| What you need to do |
Whenever a line of the data below holds the string "Exterior", copy that line.

| Entries provided |

◆ ◆ ◆ ◆ ◆

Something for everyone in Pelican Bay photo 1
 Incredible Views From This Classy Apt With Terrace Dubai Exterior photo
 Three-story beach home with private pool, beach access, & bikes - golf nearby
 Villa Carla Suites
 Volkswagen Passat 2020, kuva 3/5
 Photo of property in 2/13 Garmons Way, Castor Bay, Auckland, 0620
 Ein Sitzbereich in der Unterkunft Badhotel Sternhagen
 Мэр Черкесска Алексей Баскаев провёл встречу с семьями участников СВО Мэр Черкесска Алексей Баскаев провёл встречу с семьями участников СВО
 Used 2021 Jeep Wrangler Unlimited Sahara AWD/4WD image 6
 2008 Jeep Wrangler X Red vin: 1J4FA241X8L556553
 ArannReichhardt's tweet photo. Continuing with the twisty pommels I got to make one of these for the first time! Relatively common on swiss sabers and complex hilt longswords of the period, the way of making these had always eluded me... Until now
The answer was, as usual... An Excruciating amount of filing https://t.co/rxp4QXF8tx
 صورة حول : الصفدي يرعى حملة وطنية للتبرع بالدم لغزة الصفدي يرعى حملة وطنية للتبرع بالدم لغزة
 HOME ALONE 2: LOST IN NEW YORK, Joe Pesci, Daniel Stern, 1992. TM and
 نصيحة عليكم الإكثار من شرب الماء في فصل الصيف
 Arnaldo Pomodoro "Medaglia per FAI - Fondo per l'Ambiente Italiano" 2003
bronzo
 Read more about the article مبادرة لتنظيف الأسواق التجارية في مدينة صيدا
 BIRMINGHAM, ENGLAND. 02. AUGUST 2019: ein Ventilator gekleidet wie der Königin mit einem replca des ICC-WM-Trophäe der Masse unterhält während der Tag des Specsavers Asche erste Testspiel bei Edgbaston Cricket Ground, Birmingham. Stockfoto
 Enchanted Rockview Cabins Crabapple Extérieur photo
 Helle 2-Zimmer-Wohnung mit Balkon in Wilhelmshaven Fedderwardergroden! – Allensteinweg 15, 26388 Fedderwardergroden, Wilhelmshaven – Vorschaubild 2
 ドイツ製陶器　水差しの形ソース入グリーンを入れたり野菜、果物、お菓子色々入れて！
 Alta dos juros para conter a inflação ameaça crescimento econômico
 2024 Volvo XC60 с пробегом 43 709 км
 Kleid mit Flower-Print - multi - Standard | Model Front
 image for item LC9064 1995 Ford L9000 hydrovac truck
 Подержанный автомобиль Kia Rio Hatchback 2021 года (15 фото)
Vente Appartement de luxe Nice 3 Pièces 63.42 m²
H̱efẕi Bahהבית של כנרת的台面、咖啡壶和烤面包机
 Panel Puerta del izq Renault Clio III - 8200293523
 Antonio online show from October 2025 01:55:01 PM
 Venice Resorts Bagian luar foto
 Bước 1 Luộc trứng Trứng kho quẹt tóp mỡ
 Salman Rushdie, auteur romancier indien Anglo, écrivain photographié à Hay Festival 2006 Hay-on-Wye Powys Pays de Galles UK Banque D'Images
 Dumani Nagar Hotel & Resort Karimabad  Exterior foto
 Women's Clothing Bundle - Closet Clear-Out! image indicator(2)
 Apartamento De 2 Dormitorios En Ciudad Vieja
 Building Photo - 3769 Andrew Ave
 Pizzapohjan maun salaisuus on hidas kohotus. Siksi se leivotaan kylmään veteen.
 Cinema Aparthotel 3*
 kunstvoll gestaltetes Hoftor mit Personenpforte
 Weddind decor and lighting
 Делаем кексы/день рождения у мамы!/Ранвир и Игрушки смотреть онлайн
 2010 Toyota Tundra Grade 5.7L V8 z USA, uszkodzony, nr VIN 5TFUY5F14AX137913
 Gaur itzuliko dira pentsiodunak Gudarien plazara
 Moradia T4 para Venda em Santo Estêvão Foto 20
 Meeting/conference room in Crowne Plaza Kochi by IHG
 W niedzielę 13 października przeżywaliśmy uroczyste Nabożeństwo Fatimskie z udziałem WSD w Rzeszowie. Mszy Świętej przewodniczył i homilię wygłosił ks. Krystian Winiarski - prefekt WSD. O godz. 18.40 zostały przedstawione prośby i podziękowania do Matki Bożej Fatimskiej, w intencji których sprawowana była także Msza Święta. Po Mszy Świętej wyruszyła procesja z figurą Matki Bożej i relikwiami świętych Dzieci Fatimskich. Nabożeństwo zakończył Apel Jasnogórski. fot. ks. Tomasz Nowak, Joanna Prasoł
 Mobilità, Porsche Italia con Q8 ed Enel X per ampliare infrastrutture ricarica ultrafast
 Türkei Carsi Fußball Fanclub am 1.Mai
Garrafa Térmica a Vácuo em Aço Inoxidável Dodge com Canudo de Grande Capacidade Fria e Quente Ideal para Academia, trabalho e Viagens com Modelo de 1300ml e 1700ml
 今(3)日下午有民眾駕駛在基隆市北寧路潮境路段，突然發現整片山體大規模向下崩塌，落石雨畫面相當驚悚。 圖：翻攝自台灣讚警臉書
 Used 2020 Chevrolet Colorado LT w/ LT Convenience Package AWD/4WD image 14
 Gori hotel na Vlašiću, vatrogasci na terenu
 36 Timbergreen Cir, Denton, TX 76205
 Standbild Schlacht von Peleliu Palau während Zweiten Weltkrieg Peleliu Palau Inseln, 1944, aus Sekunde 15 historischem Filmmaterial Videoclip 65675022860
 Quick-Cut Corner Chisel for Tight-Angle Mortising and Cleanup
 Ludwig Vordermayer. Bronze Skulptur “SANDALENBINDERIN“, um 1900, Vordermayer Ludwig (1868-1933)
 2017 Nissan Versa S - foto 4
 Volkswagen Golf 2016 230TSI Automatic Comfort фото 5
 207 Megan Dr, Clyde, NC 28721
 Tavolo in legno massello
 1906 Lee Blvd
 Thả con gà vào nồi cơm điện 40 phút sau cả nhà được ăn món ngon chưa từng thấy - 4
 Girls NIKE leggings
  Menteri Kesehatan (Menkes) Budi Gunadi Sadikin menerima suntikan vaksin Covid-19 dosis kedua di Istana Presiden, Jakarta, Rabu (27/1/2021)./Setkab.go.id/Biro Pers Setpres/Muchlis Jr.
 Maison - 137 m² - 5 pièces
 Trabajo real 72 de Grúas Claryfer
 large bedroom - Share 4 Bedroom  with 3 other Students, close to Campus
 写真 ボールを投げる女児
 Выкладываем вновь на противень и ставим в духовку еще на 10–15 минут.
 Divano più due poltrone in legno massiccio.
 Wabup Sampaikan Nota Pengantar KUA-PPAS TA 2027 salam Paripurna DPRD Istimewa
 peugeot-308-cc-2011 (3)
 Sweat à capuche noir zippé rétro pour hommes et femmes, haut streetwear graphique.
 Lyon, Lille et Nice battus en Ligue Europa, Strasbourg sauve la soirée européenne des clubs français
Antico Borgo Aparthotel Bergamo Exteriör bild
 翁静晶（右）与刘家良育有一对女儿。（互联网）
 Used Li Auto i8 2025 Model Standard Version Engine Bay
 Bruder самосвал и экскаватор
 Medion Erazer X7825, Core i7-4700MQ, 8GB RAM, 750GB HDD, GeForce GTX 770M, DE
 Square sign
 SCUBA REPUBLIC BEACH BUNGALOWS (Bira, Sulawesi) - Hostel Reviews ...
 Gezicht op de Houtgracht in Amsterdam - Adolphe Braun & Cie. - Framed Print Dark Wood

◆ ◆ ◆ ◆ ◆

| Task answer |
 Incredible Views From This Classy Apt With Terrace Dubai Exterior photo
 Dumani Nagar Hotel & Resort Karimabad  Exterior foto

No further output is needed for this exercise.